At the age of 18, Pritchartt volunteered to join the army during World War II, where he served in intelligence and reconnaissance.  He traveled to Europe on the Queen Mary and had many memories of his exploits overseas. 

Pritchartt was an entrepreneur.  Although he studied at the University of Mississippi, at Washington & Lee and at Amherst in preparation for his appointment at West Point, he left early to begin his career as a realtor and developer.  With partners and friends Paul Green, George Guido, and Waldo Lambdin, he developed several subdivisions, including Broadmoor and Pineview Subdivisions, and the Trees.  He also was involved in the development of Woodhaven next to Trinity Episcopal School and La Grange Subdivision near Liberty Road.

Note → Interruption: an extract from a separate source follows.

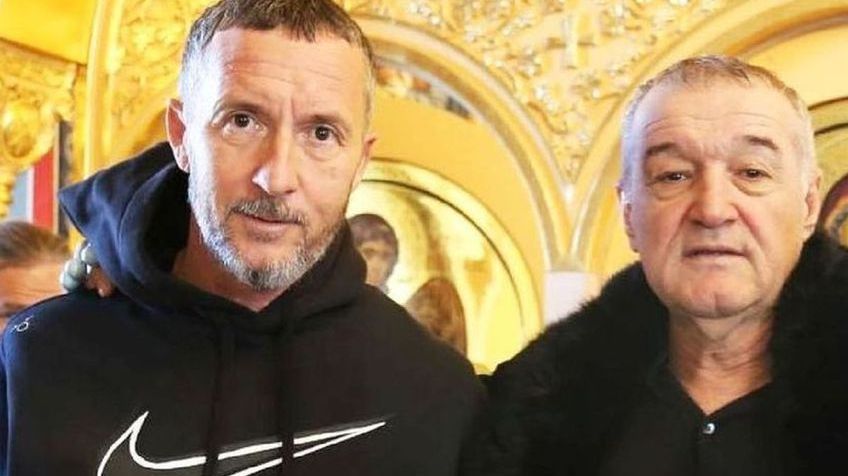 gigi-becali-mm-stoica.jpg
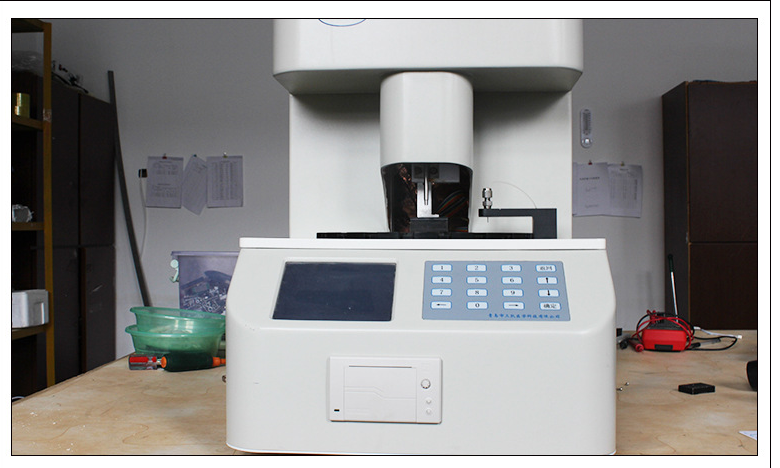 国产全自动阴道炎黄瓜视频成人A片免费观看器厂家如何提高自己的竞争力？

Pritchartt was instrumental in creating Trinity Episcopal School, visiting schools all across the country to learn about how to build a proper educational institution.  He also donated the land and built the main building on Highway 61 South.

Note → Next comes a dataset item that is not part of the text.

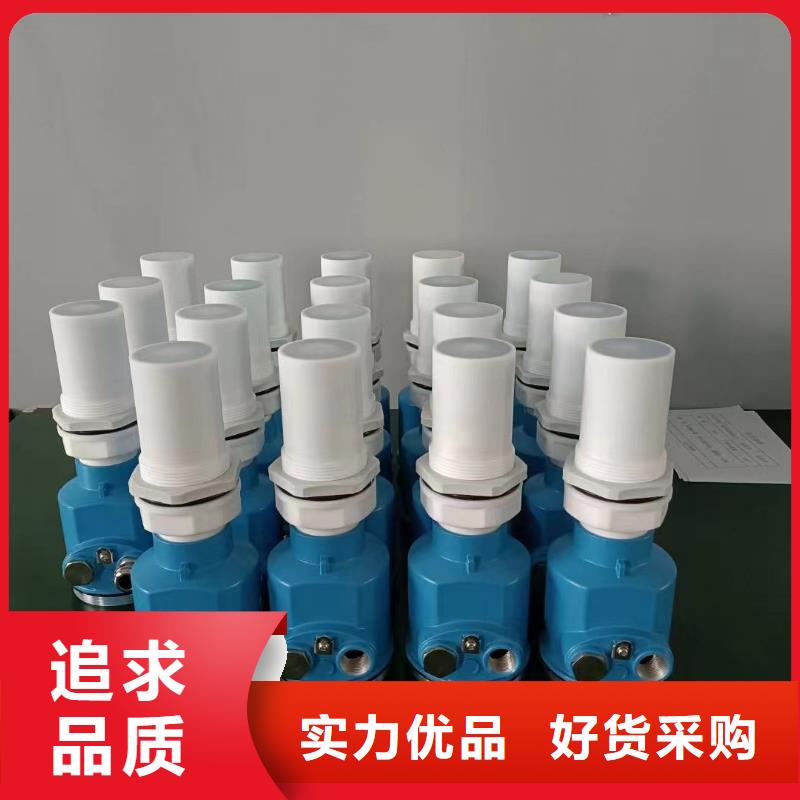 德克斯卷筒电缆放心选购无中间商厂家直销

Pritchartt’s life was defined not only by his children but his love of the outdoors and, in particular, of the Mississippi River, where he spent his youth with friends rowing the river, camping on sandbars, hunting, fishing and enjoying all that nature had to offer.  His love of the river was inspired by his father, who often took him and his friends on expeditions up and down the river.

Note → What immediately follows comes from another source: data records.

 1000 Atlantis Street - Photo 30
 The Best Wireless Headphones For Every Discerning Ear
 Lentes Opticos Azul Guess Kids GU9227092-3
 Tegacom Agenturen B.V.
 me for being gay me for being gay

His other great love was for his children with whom he spent nearly every weekend on the river in a cabin he built for that purpose.  With them, he showed them the outdoor life: fishing, swimming, hunting, boating, and riding horses through the woods – an opportunity few children shared.  He shared with them his time, his attention and his help, both emotionally and financially. 

He will always be remembered for his kindness in mentoring other businessmen and entrepreneurs and his overwhelming love and concern for other creatures.  Throughout his life he had numerous pets – cats, dogs, and chickens, and fed and protected the wild creatures that lived on his property near Kingston Road.